IMO, snails are just kinda part of having an aquarium - lol. I check the plants for them when I rinse and remove them if I find any, but they can't always be found 'cuz some are sooo tiny. When I do see them in the tank, I use tweezers and remove them, they haven't been too big of a problem for me.


----------



## Tony2632 (Aug 30, 2013)

I never QT plants, I usually only buy plants from a reliable seller. A few months back I QT some dwarf sag from PetSolutions.com. Only reason I did that is the plants I got were in horrible shape. When I buy from a great seller, I just wash them under my sink and place them in my tank.

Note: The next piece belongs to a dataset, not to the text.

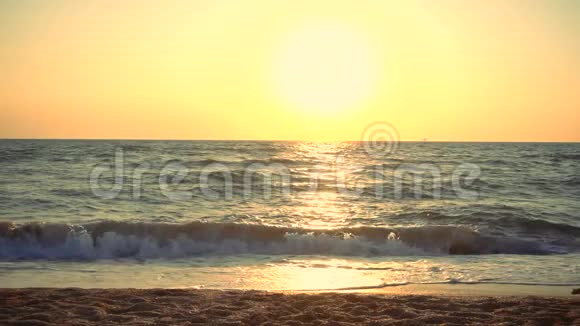 日出时美丽的女孩在海边跳跃视频的预览图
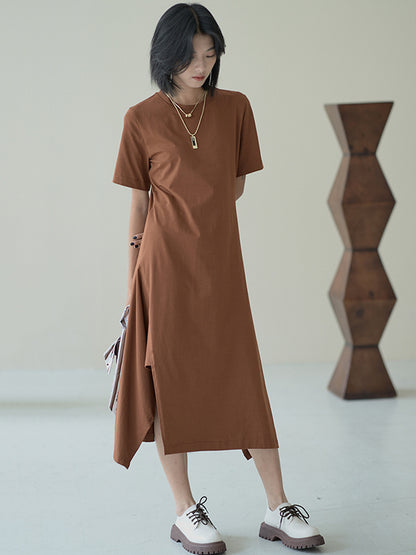 Urban Fashion Asymmetric H-Line Short Sleeves Midi Dress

if you really don't want snails. Just ask them if it's snail free. I actually have tons of snails in my 37g and 10g planted tanks. During a WC, I just usually pluck a few out my tank when it gets a little out of control.


----------



## NorthernLights (Mar 2, 2012)

I only buy the plants in tubes from PetsMart and PetCo that are guaranteed snail-free. This pretty much limits me to anubias, the many types of java ferns, and wisteria (I could also get amazon swords but I run a bare-bottom tank), since most of the other plants are not truly aquatic. I rinse them very thoroughly under the tap and then I soak them in a bowl of non-dechlorinated water for 30 min to an hour. That way, most anything would either get rinsed off or get a good dose of chlorine (which kills most things pretty fast). I then dunk the plants in a bowl of water with some Prime in it and call it good. I've never gotten a snail that way, nor any kind of fungus that I know of.


----------



## lilnaugrim (Mar 27, 2013)

NorthernLights said:


> I rinse them very thoroughly under the tap and then I soak them in a bowl of non-dechlorinated water for 30 min to an hour. That way, most anything would either get rinsed off or get a good dose of chlorine (which kills most things pretty fast).


I just want to note for others who have the same "issue" I have, if you have well water, this method does not work obviously as there is no chlorine in our tap lol.


----------



## Fin Fancier (Aug 11, 2012)

As far as plants from Petsmart are concerned you won't need to quarantine them. Petsmart sells a majority of 'tube plants.' These are grown emersed and have not come from aquariums so there's no chance of pest snails being on them. The selection is not the best, but there are some good low light starter plants in the anubais and ferns.


----------